We randomly divide the 228 patients into four equal proportions and use three parts as training data to estimate the optimal rule and calculate the empirical value based on the remaining part. We then permute the training and testing portions and average the four results. This procedure is then repeated 100 times and averaged to obtain the mean and standard deviation. To calculate the testing data performance, we consider two different measurements, both are calculated based on the formula $\sum_{i = 1}^{n} R_{i} I {A_{i} = D (X_{i})} / \sum_{i = 1}^{n} I {A_{i} = D (X_{i})}$ for the testing samples, where two versions of R_i’s are used. We first consider the procedure proposed in [26], where R is defined as

\frac{Δ Y}{{\hat{S}}_{C} (Y | A, Y)} - \int {\hat{E}}_{\tilde{T}} {T | T > t, A, X} {\frac{d N_{C} (t)}{{\hat{S}}_{C} (t | A, X)} + I (Y_{i} \geq t) \frac{d {\hat{S}}_{C} (t | A, X)}{{\hat{S}}_{C} {(t | A, X)}^{2}}} .

Here, ${\hat{S}}_{C} (t | A, X)$ and ${\hat{E}}_{\tilde{T}} (T | T > t, A, X)$ are estimated from the Cox model for simplicity. We also consider a more direct clinical measurement without the double robustness correction, which can be interpreted in a similar way as the expected survival time or the restricted mean survival time [6, 16, 21]. To be specific, we consider a restricted mean (log) survival time truncated at τ defined as δT + (1 − δ)E(T), and use this as a plug-in quantity of R in the testing performance calculation. To estimate this quantity, we use a recursively imputed survival trees (RIST) method to produce the expected survival time E(T). The results are presented in Tables 2 and 3 and Figures 2 and 3.

Table 2.

Analysis of non-small-cell lung cancer data: Mean (standard deviation) of value function

kernel	RIST-R₁	RIST-R₂	ICO	DR	Cox
Linear	3.641 (0.144)	3.641 (0.138)	3.633 (0.158)	3.590 (0.174)	3.582 (0.158)
Gaussian	3.611 (0.215)	3.615 (0.220)	3.302 (0.221)	3.470 (0.233)	3.582 (0.158)

Open in a new tab

RIST-R₁ and RIST-R₂: using the estimated R₁ and R₂ respectively as weights, while the conditional expectations are estimated using recursively imputed survival trees; ICO: inverse probability of censoring weighted learning; DR: doubly robust outcome weighted learning; Cox: Cox proportional hazards model using covariate-treatment interactions.

Table 3.

Analysis of non-small-cell lung cancer data: Mean (standard deviation) of a clinical measure

kernel	RIST-R₁	RIST-R₂	ICO	DR	Cox
Linear	3.603 (0.040)	3.606 (0.037)	3.598 (0.037)	3.601 (0.042)	3.646 (0.039)
Gaussian	3.511 (0.064)	3.514 (0.068)	3.451 (0.062)	3.456 (0.052)	3.646 (0.039)

Open in a new tab

Fig 2 — Boxplots of cross-validated value of survival weeks on the log scale. RIST-R₁ and RIST-R₂: using the estimated R₁ and R₂ respectively as weights, while the conditional expectations are estimated using recursively imputed survival trees; ICO: inverse probability of censoring weighted learning; DR: doubly robust outcome weighted learning.

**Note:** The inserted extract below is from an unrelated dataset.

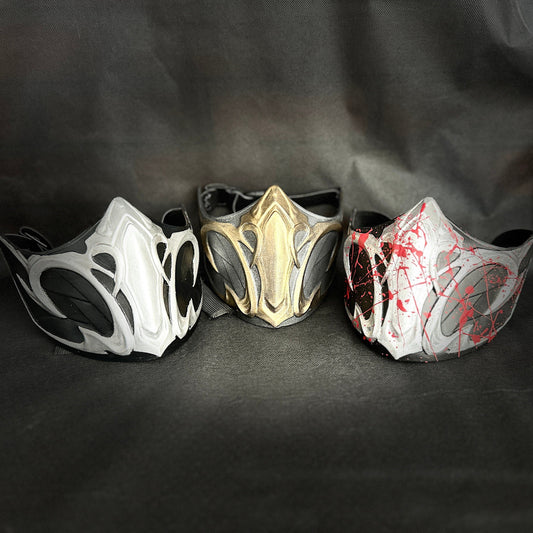 Sub Zero mask - Whiteout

Fig 3 — Boxplots of cross-validated value of survival weeks on the log scale. RIST-R₁ and RIST-R₂: using the estimated R₁ and R₂ respectively as weights, while the conditional expectations are estimated using recursively imputed survival trees; ICO: inverse probability of censoring weighted learning; DR: doubly robust outcome weighted learning.

The value function results are presented in Table 2 and Figure 2. Both proposed methods have higher values than the compared methods. Note that for the Gaussian kernel, our two new approaches are still better than Cox regression, however, inverse probability of censoring outcome weighted learning and doubly robust learning are not much different from Cox regression. The standard error is comparable among all four methods using the linear kernel. For the Gaussian kernel, the standard errors of the proposed methods and inverse probability of censoring weighted learning are similar. The standard error for the doubly robust method is slightly worse in this instance. Overall, the proposed methods seem to perform best.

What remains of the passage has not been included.